====== Supplied material

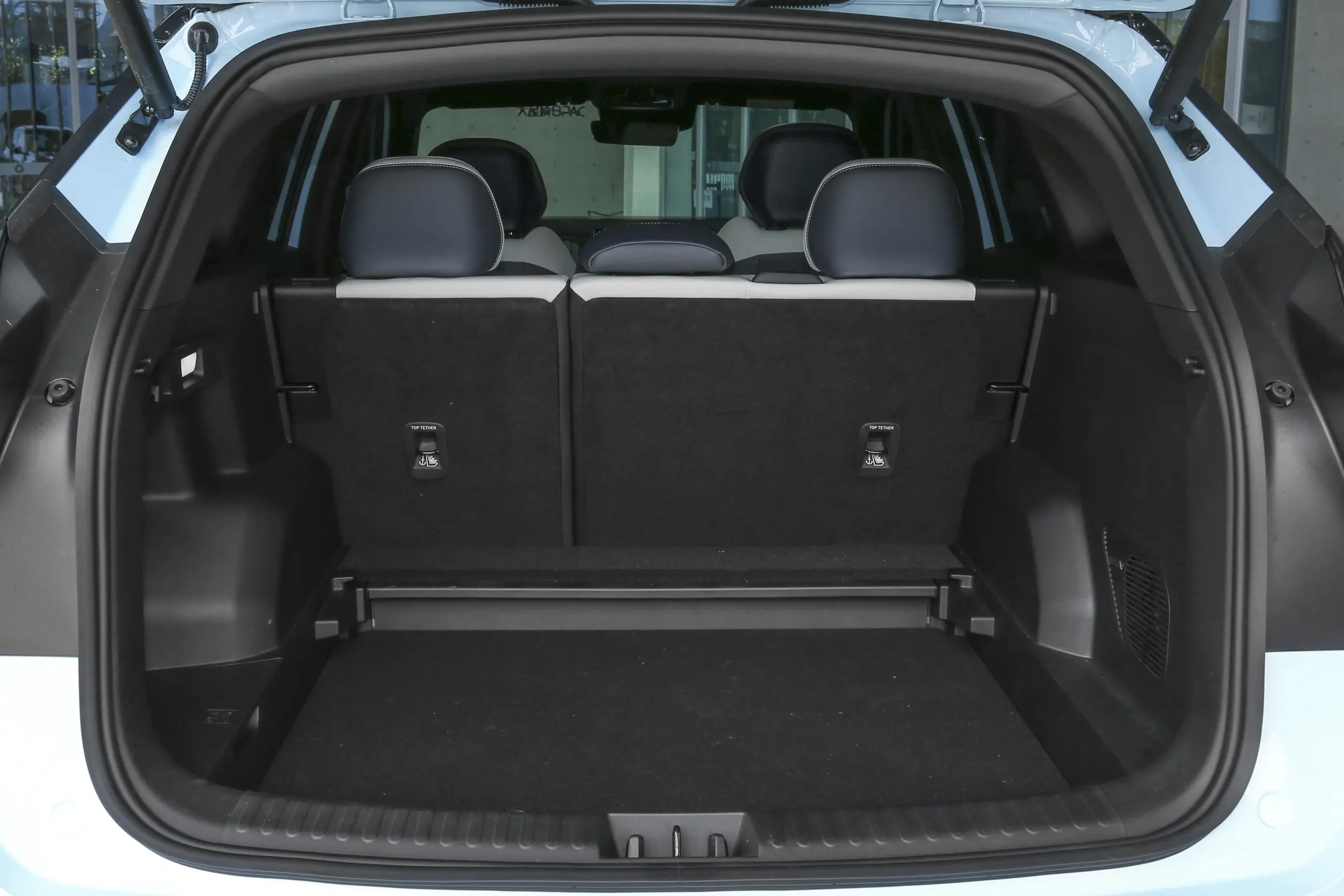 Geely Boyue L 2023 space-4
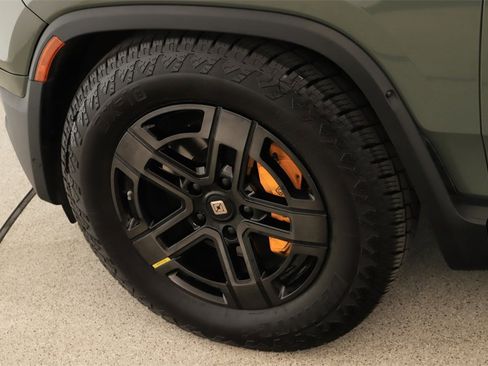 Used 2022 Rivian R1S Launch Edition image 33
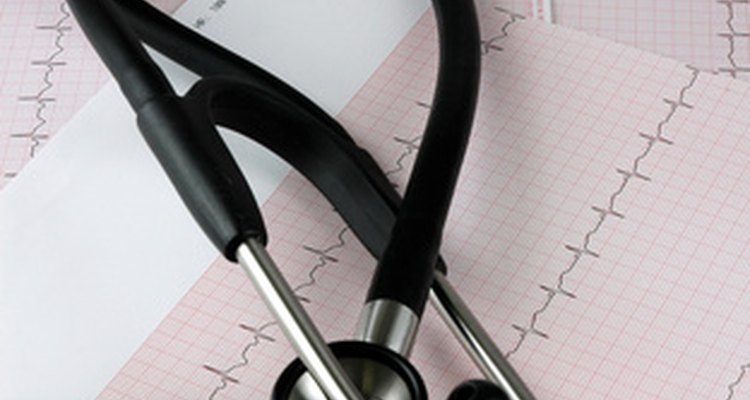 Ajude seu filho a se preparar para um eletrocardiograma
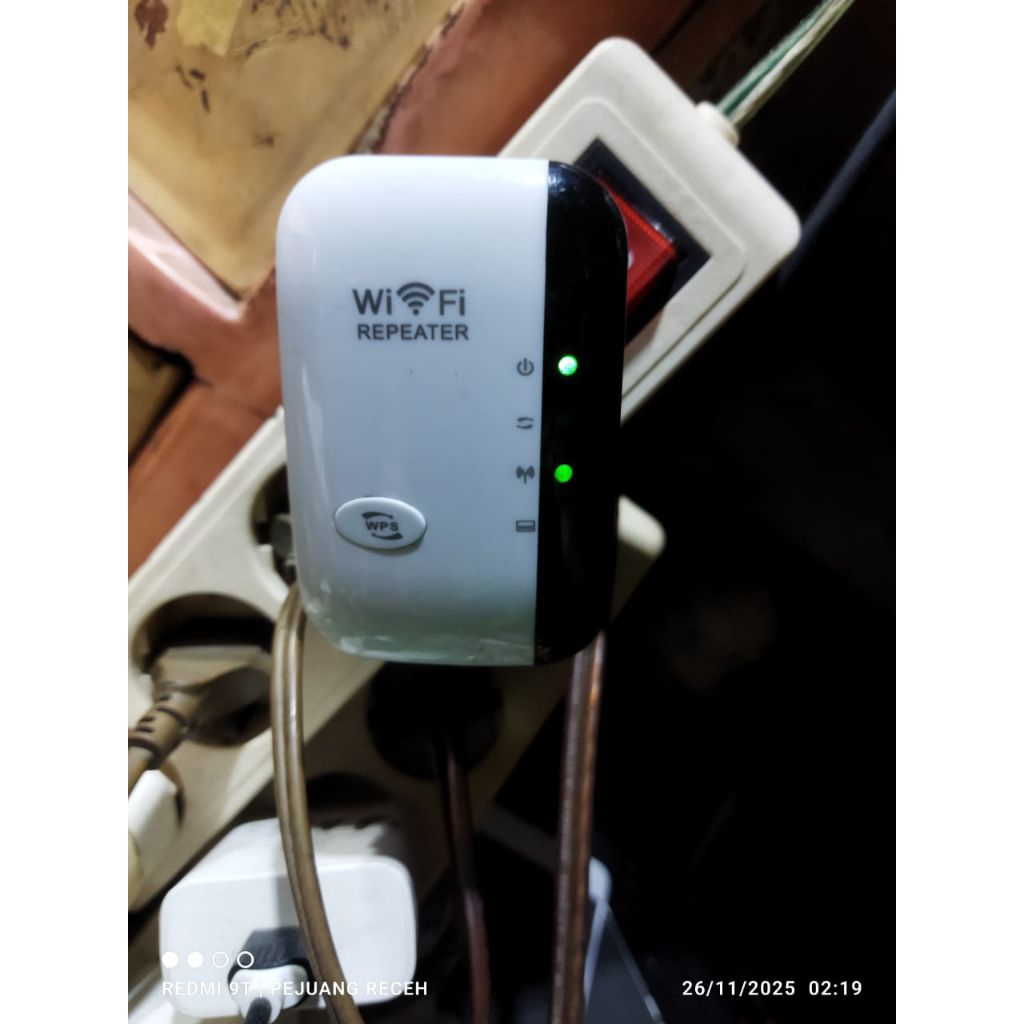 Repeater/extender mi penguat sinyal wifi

============

-- Assigned task --
The whole listing is to be retyped exactly, with its pictures removed.

-- Reply --
 Geely Boyue L 2023 space-4
 Used 2022 Rivian R1S Launch Edition image 33
 Ajude seu filho a se preparar para um eletrocardiograma
 Repeater/extender mi penguat sinyal wifi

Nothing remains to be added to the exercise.